Durante tres meses, el Movimiento mantuvo en vilo a la ciudad de México (no a toda ella desde luego, pero sí a sus puntos neurálgicos y sacralizados). Treinta años más tarde, lo semisepultado resurge con vigor extraordinario, no político en primera instancia, sino cultural y simbólico. En 1998 se libra una batalla muy desigual por definir los contenidos del 68. Cuauhtémoc Cárdenas, jefe del gobierno de la ciudad de México, declara el 2 de octubre «día de luto» y pone la bandera a media asta. Por su parte, el PRI rechaza la mínima autocrítica. En la Cámara de Diputados, el líder Arturo Núñez, junto a su bancada, se niega declarar el 2 de octubre día de luto. Y la argumentación priísta es la de siempre: «Nos oponemos a todo lo que divida a los mexicanos». El 2 de octubre, en la Asamblea de Representantes, en la ceremonia donde se develan las letras de oro dedicadas a los Mártires de Tlatelolco, el asambleísta del PRI Óscar Levín se sumerge en una alegoría transhistórica (pudo referirse a efemérides de 1568 ó 1868), y llama reiteradamente a «restañar heridas».

Levín fue representante de Economía de la UNAM en el Consejo Nacional de Huelga, y eso lo obligaba a ser un tanto más específico: ¿qué heridas se restañan de un lado y cuáles del otro? ¿Quiénes sostienen con mínima seriedad que no fueron los provocadores de un sector gubernamental, sino los estudiantes los que le dispararon al ejército? ¿Por qué, según Levín, son «bilaterales» las heridas a restañar, y por qué se refugia en la niebla del «país dividido»? ¿Y por qué los diputados priístas consideran que el 2 de octubre no es un día de luto nacional? ¿Tan sólo porque son priístas los responsables de la matanza?

Una vez más, de acuerdo con el PRI, se impone la sentencia anticlimática: los únicos culpables son las víctimas. Con una salvedad: en esta ocasión los priístas ya no defienden los crímenes de uno de sus regímenes limitándose a rechazar su condena. Si las acciones en 1968 de Díaz Ordaz, Echeverría, Corona del Rosal,
et al,
son indefendibles, ¿por qué los priístas lanzan sus prestigios, los que tengan, como escudos resplandecientes que sostienen la versión díazordacista de los hechos?
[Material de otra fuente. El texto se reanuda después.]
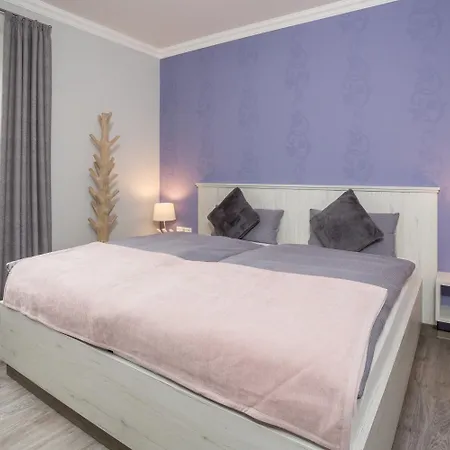 公寓 Mara 巴特劳特堡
La respuesta es evidente: porque si conceden una vez, concederán en todas las demás.

Reflexión priísta: «Si nos maltratan los símbolos, nos enmiendan fatalmente los rasgos»

No hay heridas a restañar, sino batallas simbólicas y culturales, y éstas las ha ganado el vastísimo sector integrado en 1998 por la izquierda social, el PRD, los medios informativos, la UNAM, parcialmente el IPN, las universidades regionales, los comités estudiantiles, las ONGs, sectores de las iglesias… De la otra parte no hay nadie, a menos de considerar «alguien» a un puñado de articulistas resentidos y a los últimos protectores de la imagen priísta en 1968. Hay pleitos y diferencias por interpretaciones del Movimiento, pero no, en modo alguno, discrepancias severas en lo tocante a la generosidad e intrepidez estudiantil, al horror desatado el 2 de octubre.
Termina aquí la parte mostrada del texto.